Giaga rose regally to stand beside her. Joanne swallowed hard, searching for something to say, but Giaga came to her rescue. Of course, Joanne could hardly know this. The clicks and whistles escaping Giaga’s lips meant next to nothing to her. She waited in anticipation as the swarm of Myantides around her clicked back and forth, finally quieting down, leaving only Giaga and the blue woman who had spoken before clicking to each other from opposite ends of the dome. Abruptly, the paler blue woman sat down, her lips spread into a thin smirk. Giaga turned to Joanne who listened eagerly. “We have agreed to allow you two weeks in which to find something worth keeping your people alive. If in that time you cannot persuade the council to show mercy on your people, Earth will be destroyed. However,” Giaga smiled gently at her. “If you come up with ample proof that yours is a race worthy of life, we will return you and your comrades to your homes.”
Joanne smiled stiffly and nodded her thanks to Giaga. The council meeting seemed to end then, Myantides rose and exited all around her, but Joanne hardly noticed. She could only think of one thing, how impossible it would be to find one thing to forgo Earth’s destruction, and in two weeks.

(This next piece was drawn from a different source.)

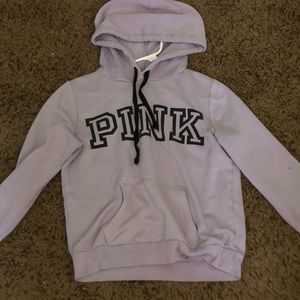 Pink hoodie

Curled under a blanket later that night, Joanne sat up watching her sleeping “comrades”. Immediately after she returned from the council hearing, Tene, Jabari and Rosemary had bombarded her with questions, which she shrugged off saying she was tired and needed to sleep. This was partially true, she had had little sleep before the council meeting, and the haunting feeling of sadness that had been eating away at her since seeing the images of Earth was draining her of energy. Now, everyone else was resting in the cool calm of the room which was illuminated by a soft, blue light from overhead. Strange shadows played across the floor and walls as the sleepers stirred, but Joanne’s eyes remained fixed on a blank piece of wall that was unaffected by the light, a black patch amongst the fading blues and grays. A scuffing noise to her right shocked her out of her trance and she jumped as something rubbed against her lightly. Joanne’s eyes slowly adjusted to the change in light, and she sighed with relief when she saw Chinue’s timid figure beside her. Joanne smiled faintly, the girl couldn’t have been more than thirteen or fourteen, she must have been frightened beyond all belief, and not being able to communicate with anyone-
“Are they sleeping?” Joanne’s mouth hung open in disbelief as Chinue gazed at the others warily. She turned her wide eyes back to Joanne’s. “I don’t want them to hear us,” she whispered.
Joanne closed her mouth, and stared at the girl, not knowing quite what to say. “Will you speak to me?” Chinue asked, pushing herself a bit closer to Joanne.
“Um, sure, I guess,” Joanne said; only realizing how rude that sounded after the words had escaped her lips. “I mean, of course, I just didn’t realize you spoke English!”
Chinue held a finger up to her lips and peered about the room again. She looked intently at Joanne and whispered, “The others cannot know,” Joanne nodded.